« Femmes de Science » : Emilie Hérault, maîtresse de conférences à CROMA

Publié le mar 24 Fév 2026 bandeaux web emilieherault v2

Faire parler la matière, avec des ondes

Emilie Hérault aime l’invisible, pas celui des légendes, celui des labos. Chercheuse en physique appliquée, elle travaille en spectroscopie térahertz : une façon d’« interroger » les matériaux avec différentes longueurs d’onde, comme si on leur envoyait plusieurs couleurs, puis d’observer ce qui traverse, ce qui est absorbé, ce qui change. Dans ces réponses minuscules, elle lit une signature : composition, structure, défauts, comportements.

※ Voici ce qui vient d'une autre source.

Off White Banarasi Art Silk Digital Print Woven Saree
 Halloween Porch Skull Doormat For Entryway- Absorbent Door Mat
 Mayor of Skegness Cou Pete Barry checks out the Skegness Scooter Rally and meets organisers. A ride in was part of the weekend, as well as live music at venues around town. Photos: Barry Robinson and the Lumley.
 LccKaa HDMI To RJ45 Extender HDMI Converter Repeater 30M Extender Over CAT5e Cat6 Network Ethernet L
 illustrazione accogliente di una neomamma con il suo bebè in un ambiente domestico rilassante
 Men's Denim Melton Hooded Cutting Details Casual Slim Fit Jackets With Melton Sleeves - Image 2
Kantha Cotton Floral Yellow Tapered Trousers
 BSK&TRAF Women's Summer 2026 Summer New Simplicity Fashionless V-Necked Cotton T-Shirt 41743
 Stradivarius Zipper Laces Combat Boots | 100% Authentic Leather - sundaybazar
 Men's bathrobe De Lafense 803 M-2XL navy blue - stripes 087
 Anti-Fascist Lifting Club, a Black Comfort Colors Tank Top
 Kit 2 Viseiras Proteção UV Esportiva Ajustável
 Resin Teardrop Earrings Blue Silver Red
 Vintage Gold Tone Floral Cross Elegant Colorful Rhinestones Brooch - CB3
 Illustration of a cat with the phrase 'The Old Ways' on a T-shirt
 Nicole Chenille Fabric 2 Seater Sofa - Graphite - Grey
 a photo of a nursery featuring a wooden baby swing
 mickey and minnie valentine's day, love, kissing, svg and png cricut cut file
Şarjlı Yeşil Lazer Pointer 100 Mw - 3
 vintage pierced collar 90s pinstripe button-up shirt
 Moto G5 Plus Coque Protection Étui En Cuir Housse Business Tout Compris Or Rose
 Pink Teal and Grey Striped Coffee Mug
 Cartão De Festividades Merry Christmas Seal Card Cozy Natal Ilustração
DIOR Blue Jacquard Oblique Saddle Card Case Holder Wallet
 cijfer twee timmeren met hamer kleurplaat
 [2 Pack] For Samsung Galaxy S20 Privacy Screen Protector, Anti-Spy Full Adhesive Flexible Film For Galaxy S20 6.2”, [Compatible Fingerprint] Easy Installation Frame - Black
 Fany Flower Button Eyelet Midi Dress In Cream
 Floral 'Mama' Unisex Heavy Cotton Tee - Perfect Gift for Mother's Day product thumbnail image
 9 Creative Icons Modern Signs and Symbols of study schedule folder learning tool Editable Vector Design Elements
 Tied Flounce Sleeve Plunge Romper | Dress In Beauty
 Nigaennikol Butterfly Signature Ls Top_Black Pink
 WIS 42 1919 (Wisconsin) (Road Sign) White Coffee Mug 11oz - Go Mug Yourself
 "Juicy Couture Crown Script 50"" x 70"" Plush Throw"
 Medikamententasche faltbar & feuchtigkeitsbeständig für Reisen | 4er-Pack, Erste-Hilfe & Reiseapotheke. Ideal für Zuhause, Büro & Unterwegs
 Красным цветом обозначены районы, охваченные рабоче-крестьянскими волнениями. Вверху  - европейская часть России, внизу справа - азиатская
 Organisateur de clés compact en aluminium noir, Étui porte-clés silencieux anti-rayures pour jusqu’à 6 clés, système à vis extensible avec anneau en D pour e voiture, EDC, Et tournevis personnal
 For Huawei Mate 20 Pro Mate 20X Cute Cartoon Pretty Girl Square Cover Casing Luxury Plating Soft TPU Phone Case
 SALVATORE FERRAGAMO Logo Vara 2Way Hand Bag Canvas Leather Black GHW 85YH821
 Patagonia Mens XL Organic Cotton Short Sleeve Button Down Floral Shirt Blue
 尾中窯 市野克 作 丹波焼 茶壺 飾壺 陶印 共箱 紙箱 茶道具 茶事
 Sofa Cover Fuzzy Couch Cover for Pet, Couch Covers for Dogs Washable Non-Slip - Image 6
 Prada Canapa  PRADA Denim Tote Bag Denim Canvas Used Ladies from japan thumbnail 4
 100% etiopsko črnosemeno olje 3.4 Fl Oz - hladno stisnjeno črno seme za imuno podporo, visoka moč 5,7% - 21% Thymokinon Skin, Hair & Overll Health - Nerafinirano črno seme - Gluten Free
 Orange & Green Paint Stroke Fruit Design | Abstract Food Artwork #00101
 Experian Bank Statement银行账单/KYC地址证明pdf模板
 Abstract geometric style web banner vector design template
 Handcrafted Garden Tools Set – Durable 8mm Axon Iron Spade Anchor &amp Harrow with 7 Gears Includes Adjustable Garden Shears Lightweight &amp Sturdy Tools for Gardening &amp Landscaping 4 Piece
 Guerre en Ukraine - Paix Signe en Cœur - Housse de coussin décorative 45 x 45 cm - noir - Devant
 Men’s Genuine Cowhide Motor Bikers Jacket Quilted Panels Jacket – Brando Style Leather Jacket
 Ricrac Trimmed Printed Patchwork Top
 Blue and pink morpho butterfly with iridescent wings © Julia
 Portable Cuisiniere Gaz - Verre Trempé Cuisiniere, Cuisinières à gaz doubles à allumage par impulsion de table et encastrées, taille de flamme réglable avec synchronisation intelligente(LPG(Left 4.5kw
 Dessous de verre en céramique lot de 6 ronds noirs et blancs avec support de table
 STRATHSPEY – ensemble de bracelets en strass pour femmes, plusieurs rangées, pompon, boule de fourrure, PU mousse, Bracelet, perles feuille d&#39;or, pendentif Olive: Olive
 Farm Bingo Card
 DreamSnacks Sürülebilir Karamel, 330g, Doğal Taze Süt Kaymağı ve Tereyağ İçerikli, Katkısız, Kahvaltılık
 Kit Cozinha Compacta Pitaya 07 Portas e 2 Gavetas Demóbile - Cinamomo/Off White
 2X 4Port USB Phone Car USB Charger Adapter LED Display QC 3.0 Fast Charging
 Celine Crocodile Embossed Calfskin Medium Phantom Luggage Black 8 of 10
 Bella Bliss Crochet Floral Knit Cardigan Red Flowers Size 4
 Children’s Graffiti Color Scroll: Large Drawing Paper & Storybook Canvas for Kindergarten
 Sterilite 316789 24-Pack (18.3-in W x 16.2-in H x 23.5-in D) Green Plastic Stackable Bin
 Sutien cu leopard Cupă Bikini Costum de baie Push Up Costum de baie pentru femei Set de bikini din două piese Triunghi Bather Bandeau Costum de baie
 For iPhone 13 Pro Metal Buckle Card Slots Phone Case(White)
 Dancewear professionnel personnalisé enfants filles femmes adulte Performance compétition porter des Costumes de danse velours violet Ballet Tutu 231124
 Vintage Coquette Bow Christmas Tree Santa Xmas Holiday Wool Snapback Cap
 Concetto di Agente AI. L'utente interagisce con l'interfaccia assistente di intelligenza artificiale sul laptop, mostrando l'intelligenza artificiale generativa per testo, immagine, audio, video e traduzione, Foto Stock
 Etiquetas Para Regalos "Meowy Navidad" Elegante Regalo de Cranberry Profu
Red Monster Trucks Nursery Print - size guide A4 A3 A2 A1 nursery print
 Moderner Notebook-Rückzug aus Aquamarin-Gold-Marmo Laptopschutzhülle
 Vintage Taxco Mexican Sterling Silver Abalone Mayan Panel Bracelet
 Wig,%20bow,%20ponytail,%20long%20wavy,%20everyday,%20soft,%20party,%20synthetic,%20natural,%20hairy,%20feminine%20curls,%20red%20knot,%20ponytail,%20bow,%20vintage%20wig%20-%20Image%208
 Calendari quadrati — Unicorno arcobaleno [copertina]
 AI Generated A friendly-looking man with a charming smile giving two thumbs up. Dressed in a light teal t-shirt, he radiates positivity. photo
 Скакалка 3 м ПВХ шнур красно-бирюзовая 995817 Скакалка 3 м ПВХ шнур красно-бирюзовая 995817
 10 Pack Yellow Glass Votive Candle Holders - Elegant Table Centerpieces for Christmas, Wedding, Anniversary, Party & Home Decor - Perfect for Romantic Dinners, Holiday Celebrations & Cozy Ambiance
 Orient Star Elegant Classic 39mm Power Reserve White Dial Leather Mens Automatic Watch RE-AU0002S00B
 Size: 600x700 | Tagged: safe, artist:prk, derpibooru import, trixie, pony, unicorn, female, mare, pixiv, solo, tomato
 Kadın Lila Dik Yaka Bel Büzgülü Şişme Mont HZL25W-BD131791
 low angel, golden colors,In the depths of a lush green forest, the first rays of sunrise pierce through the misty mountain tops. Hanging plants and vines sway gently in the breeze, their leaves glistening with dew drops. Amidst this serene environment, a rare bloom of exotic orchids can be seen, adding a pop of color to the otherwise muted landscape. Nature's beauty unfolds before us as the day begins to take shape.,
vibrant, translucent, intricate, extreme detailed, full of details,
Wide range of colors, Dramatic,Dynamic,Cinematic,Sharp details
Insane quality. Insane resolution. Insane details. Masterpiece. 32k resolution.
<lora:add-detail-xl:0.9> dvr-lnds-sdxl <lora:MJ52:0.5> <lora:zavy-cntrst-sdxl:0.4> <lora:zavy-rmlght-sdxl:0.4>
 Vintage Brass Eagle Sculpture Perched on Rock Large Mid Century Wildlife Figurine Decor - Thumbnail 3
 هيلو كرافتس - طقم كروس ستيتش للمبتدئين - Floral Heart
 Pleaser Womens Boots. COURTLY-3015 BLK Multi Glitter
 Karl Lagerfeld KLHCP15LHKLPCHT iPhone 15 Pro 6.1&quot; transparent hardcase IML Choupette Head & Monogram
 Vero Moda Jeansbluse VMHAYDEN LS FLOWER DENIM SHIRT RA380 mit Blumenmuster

Cette passion vient de loin. Dès l’enfance, la science l’attire pour son côté mystérieux, révéler ce qu’on ne voit pas, et pour son côté rassurant : les lois tiennent bon, 2 + 2 fera toujours 4. Plus tard, ses études d’optique l’embarquent dans la manipulation de la lumière. Sa thèse, elle, plonge dans la conception de lasers et l’optique non linéaire : on éclaire un matériau à une longueur d’onde, et il en génère une autre. Une magie… mais parfaitement mesurée.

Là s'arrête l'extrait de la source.